# Data for this task
───

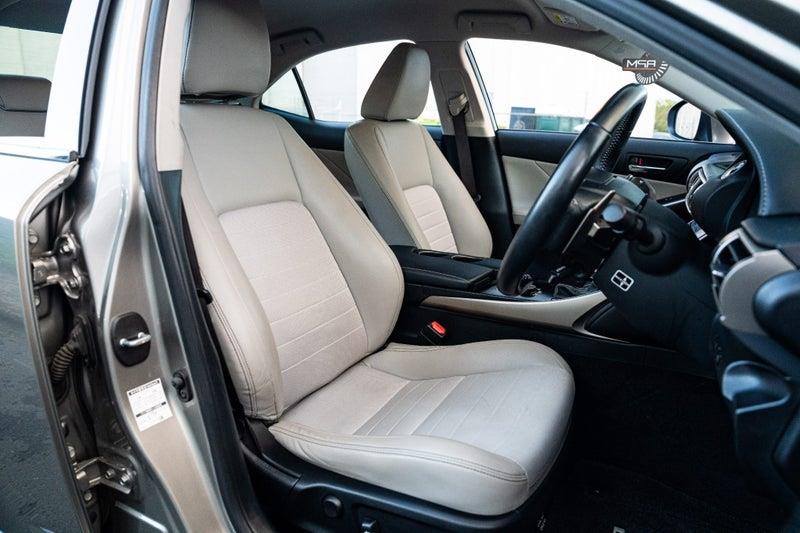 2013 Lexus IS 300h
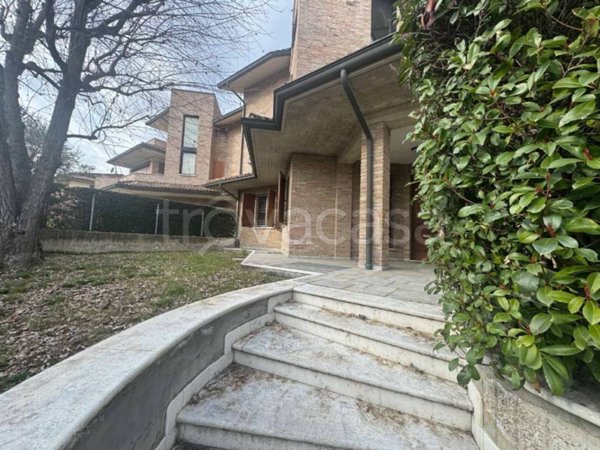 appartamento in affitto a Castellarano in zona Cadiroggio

───

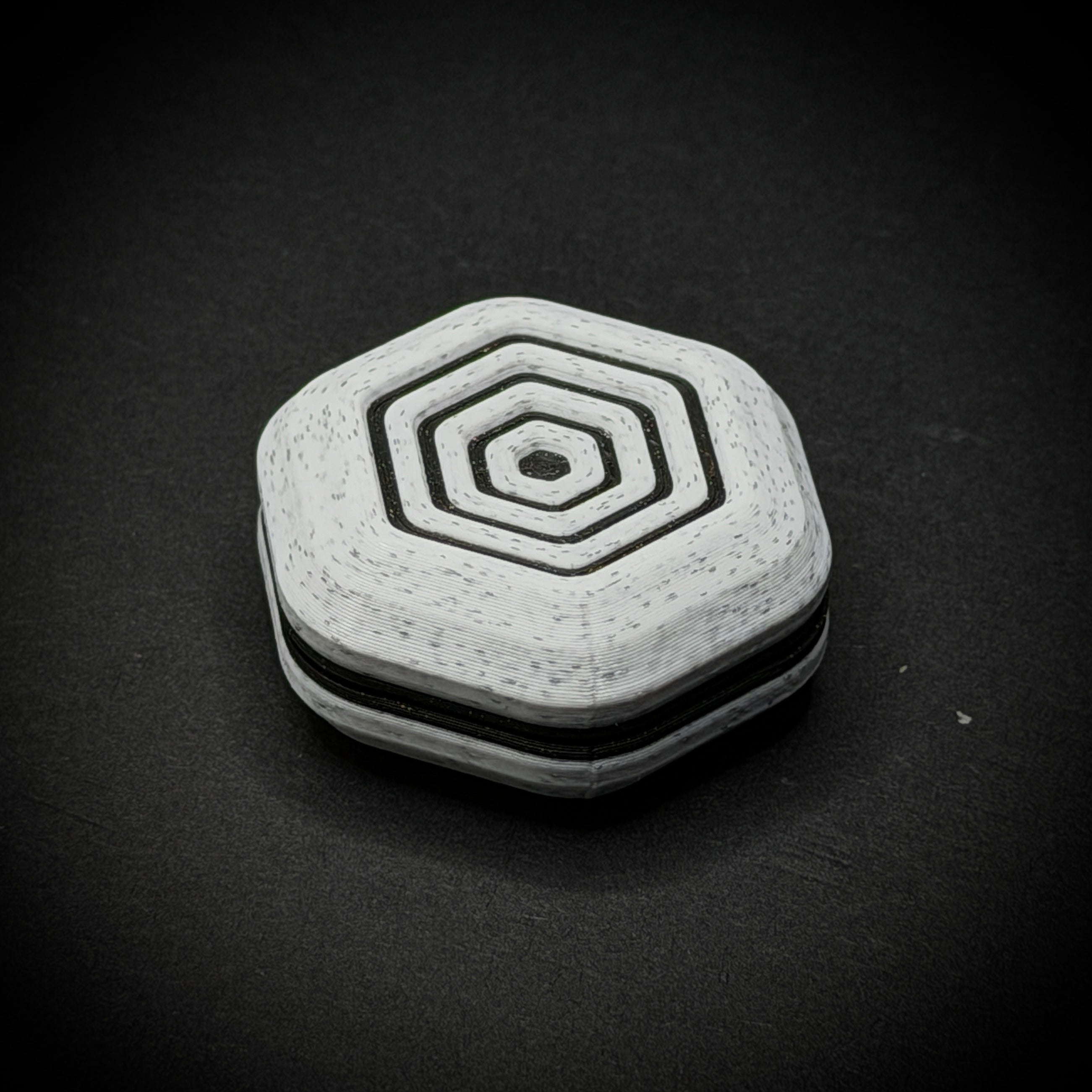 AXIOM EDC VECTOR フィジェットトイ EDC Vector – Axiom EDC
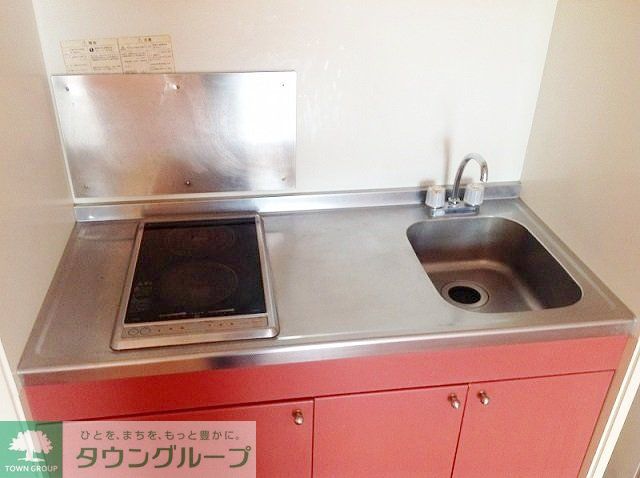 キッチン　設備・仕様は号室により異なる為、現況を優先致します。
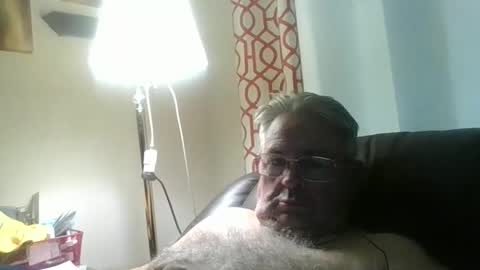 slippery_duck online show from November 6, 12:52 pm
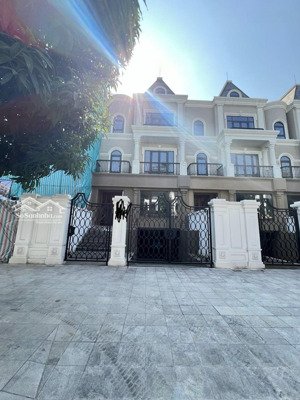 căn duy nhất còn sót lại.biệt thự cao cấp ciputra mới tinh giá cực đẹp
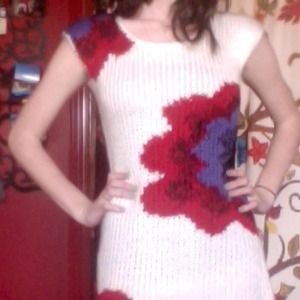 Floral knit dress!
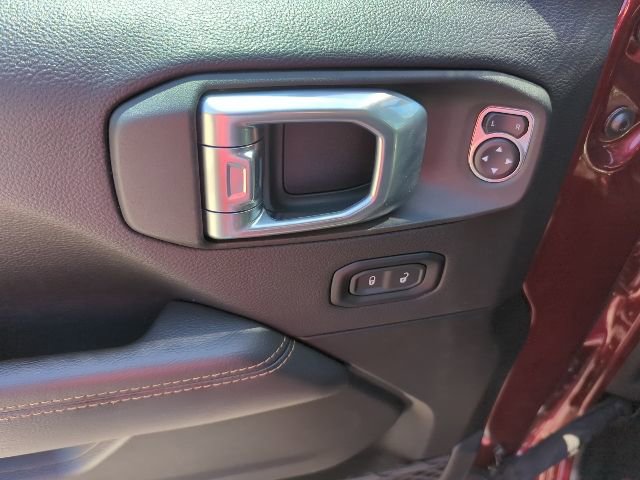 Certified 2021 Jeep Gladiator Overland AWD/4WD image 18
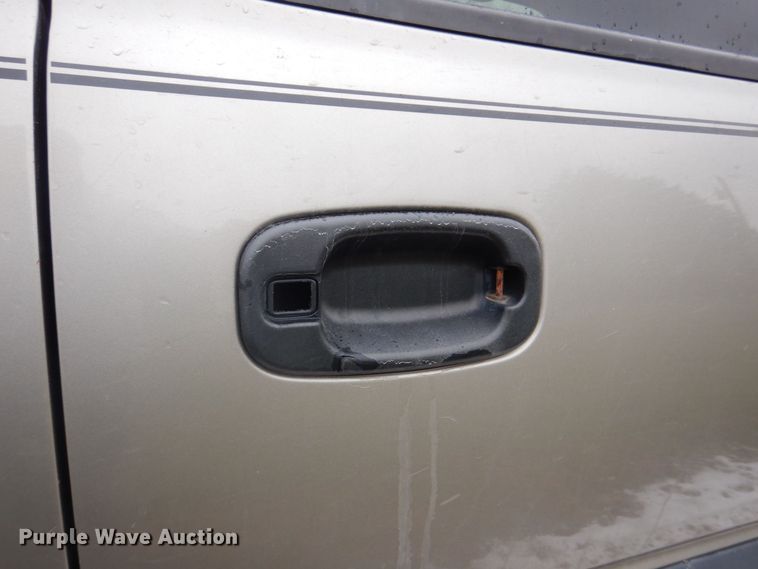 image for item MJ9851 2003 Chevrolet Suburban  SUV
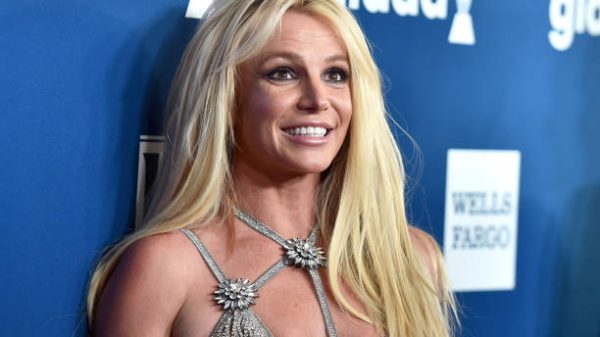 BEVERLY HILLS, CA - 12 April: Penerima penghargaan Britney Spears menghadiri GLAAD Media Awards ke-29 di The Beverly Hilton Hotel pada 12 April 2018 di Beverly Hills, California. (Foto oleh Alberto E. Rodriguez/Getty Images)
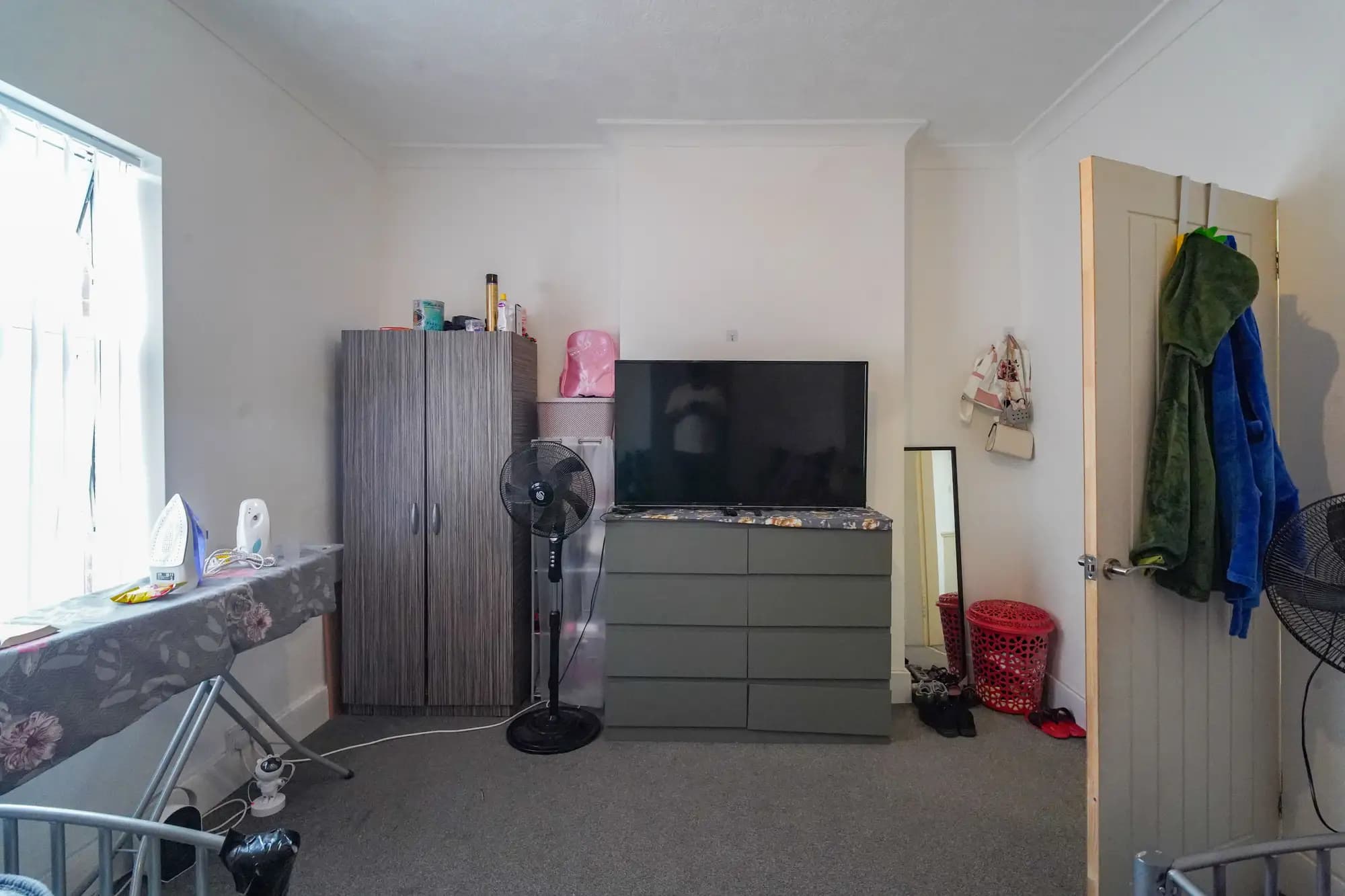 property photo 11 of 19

───

# Problem
Above are the records; copy from them only the lines starting at the one containing "2013 Lexus IS 300h" and ending at the one containing "appartamento in affitto", exactly and without pictures.

# Exercise answer
 2013 Lexus IS 300h
 appartamento in affitto a Castellarano in zona Cadiroggio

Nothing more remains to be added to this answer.